A New Internet

A Wikimedia server room.

A Wikimedia server room. (Photo credit: Wikipedia)

A research group in Europe has proposed to overhaul the way the Internet looks for data. The group was funded as part of a project called ‘Pursuit’ and their ideas are described in this Pursuit Fact Sheet.

The proposal involves changing the way that the Internet searches for data. Today searches are done by URL, or Universal Resource Locator. What URL searches do is to identify the original server that holds the desired data. When you do a Google search that is what you find – the address of the original server. The problem with looking for data this way is that everybody looking for that same data is going to be sent to that same server.

There are several problems that are associated with searches based upon looking for the original server that holds a piece of data. It means that everybody looking for that data is sent to the same server. If enough people look for that data at the same time the original server might crash. The original server can also be effectively shut down by denial of service attacks. And sending everybody to the original server is inefficient. If the original content everybody is looking for is a video, then that video is downloaded to each person who asks to see it, if you and your neighbors all decide to watch the same video, then it is downloaded individually to each one of you and will be sent through the Internet many times.

The Pursuit proposal is suggesting that we instead change the Internet to use URIs (Universal Resource Identifiers) to search for data. This kind of search is going to look for the content you are looking for rather than for the server that originally stored the data. So if you are looking for a TV show, it will look to see where that show is currently stored. If somebody in your local network has recently watched that show then the data is already available locally and you will be able to download it much faster and also not have to initiate a new download from the original server.

This is somewhat akin to the way that file-sharing sites work and you might be given a menu of sites that hold the data you are looking for. By choosing the nearest site you will be retrieving the data from somewhere other than the original server. The closer it is to you (network-wise, no geographically) the faster and more efficiently you will be able to retrieve it.

But more likely the retrieval will be automated, and you may download the content from many locations – grabbing a piece of the desired video from the different networks that currently hold that data.

This is not a new concept and networks that use switched digital video have been using the same concept. In those systems, the first person in a neighborhood node that watches a certain channel will open up a connection for that channel.
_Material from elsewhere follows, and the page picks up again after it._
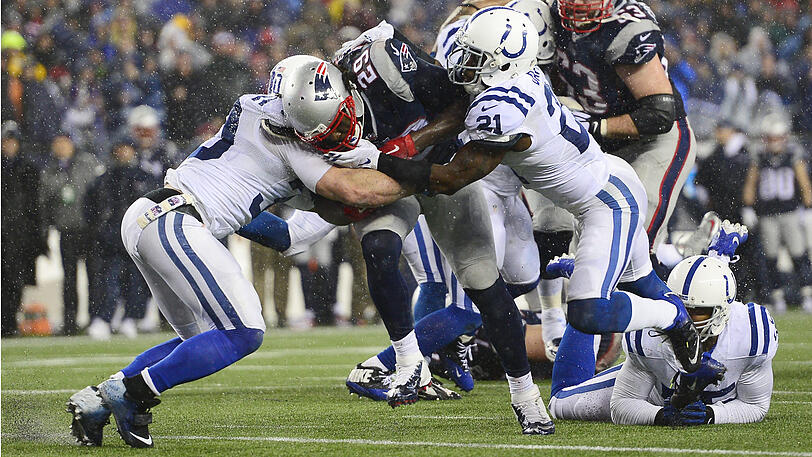 Vontae Davis (Nummer 21, damals noch im Trikot der Indianapolis Colts) hat seine Karriere beendet.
But the second person then shares the already-open channel and does not initiate a new request back to the TV server. This means that a given channel is opened only once for a given node on the network.
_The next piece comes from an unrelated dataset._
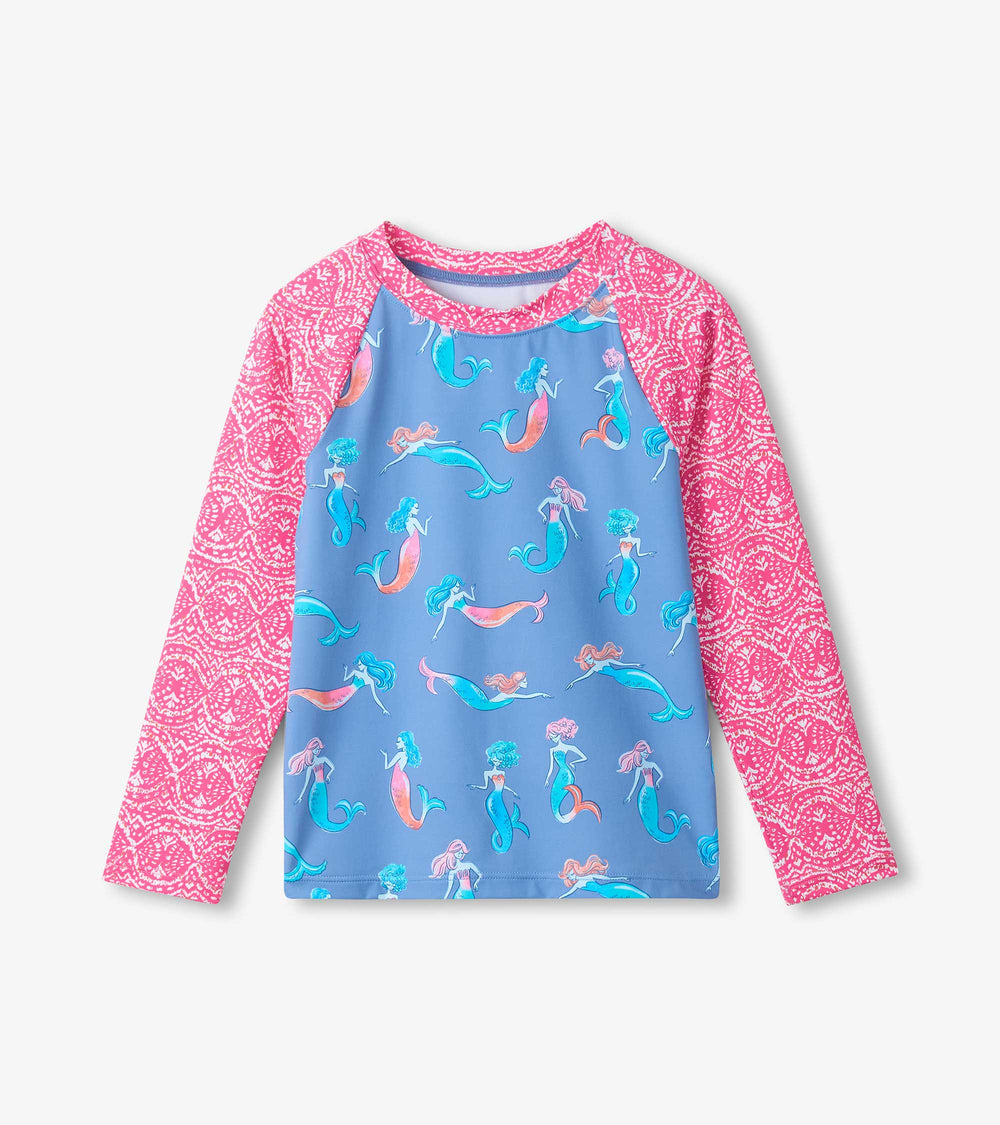 Hatley Girls Mermaids Long Sleeve Rashguard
There are huge advantages to this kind of shift in the Internet. Today the vast majority of data being sent through the Internet is video. And one has to imagine that very large numbers of people watch the same content. And so changing to a system where a given video is sent to your local node only one time is a huge improvement in efficiency. This is going to take the strain off of content servers and is also going to relive a lot of the congestion on the Internet backbone. In fact, once the data has been dispersed the Internet the original server could be taken out of service, but the content will live on.
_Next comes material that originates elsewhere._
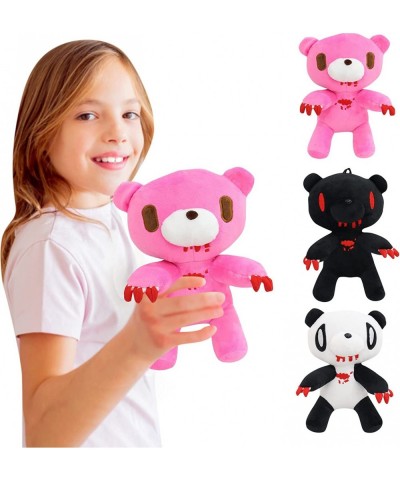 10 inches Gloomy Bear Plush Toy Black and Pink Violent Bear Doll Cute Stuffed Animals Bear Doll Cute Stuffed Animals for Boys...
There are some downsides to this kind of system. For example, one often hears of somebody pulling down content that they don’t want viewed any longer. But in an information-centric network it would not matter if data is removed from the original server. As long as somebody was recently watching the content it would live on, independent of the original server.

There are a lot of changes that need to be made to make a transition to an information-centric web. This is going to take changes to the transport, caching systems, error control, flow controls and other core processes involved in retrieving data. But the gigantic increase in efficiency from this change means that it is inevitable that this is going to come to pass.